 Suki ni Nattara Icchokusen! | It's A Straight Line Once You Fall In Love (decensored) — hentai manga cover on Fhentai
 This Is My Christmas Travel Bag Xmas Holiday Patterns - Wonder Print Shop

--

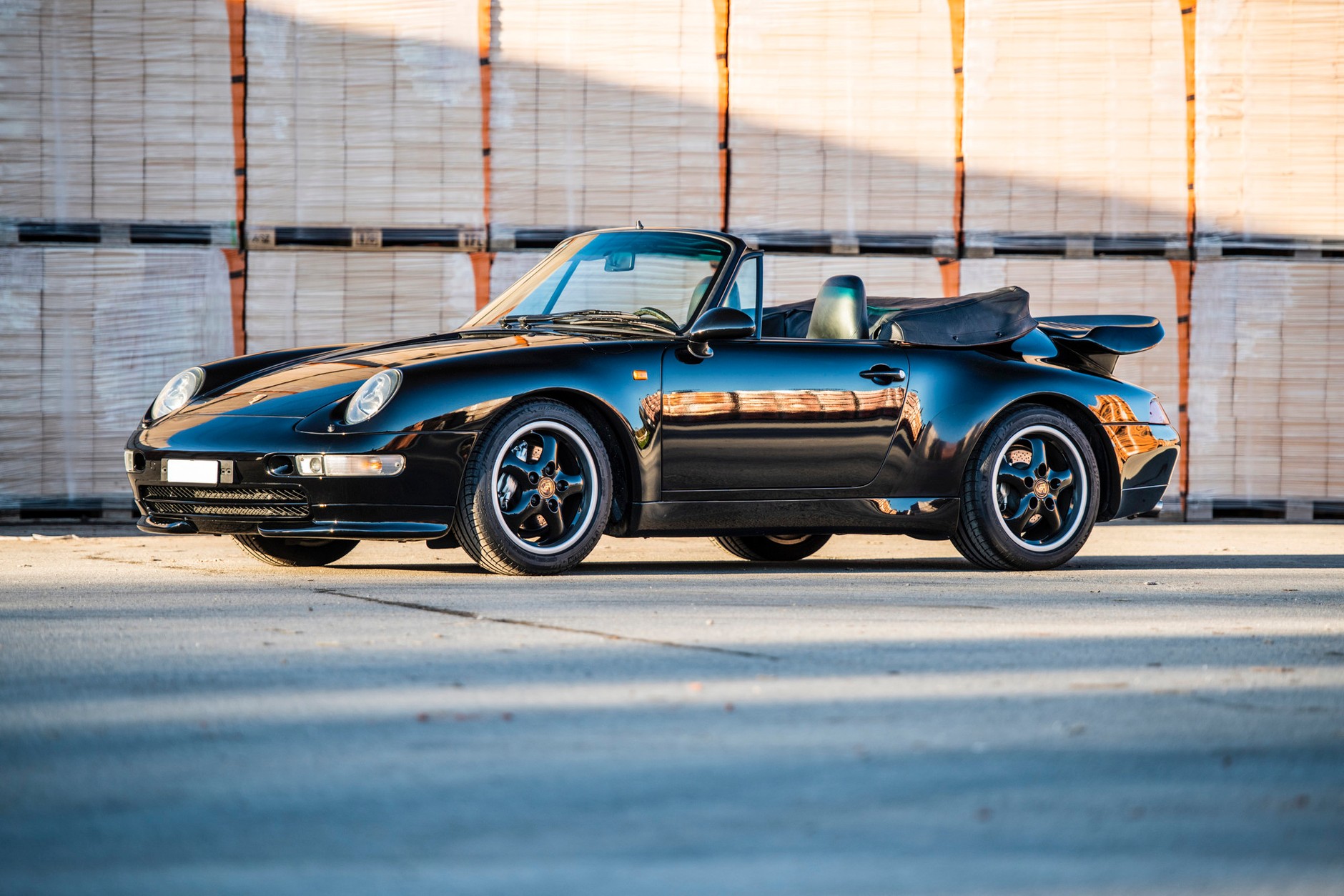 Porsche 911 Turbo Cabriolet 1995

**YOUR INSTRUCTIONS:** Of the lines above, retype only those from the line containing "Suki ni Nattara" through the line containing "This Is My Christmas", including both, exactly.

**EXERCISE OUTPUT:**
 Suki ni Nattara Icchokusen! | It's A Straight Line Once You Fall In Love (decensored) — hentai manga cover on Fhentai
 This Is My Christmas Travel Bag Xmas Holiday Patterns - Wonder Print Shop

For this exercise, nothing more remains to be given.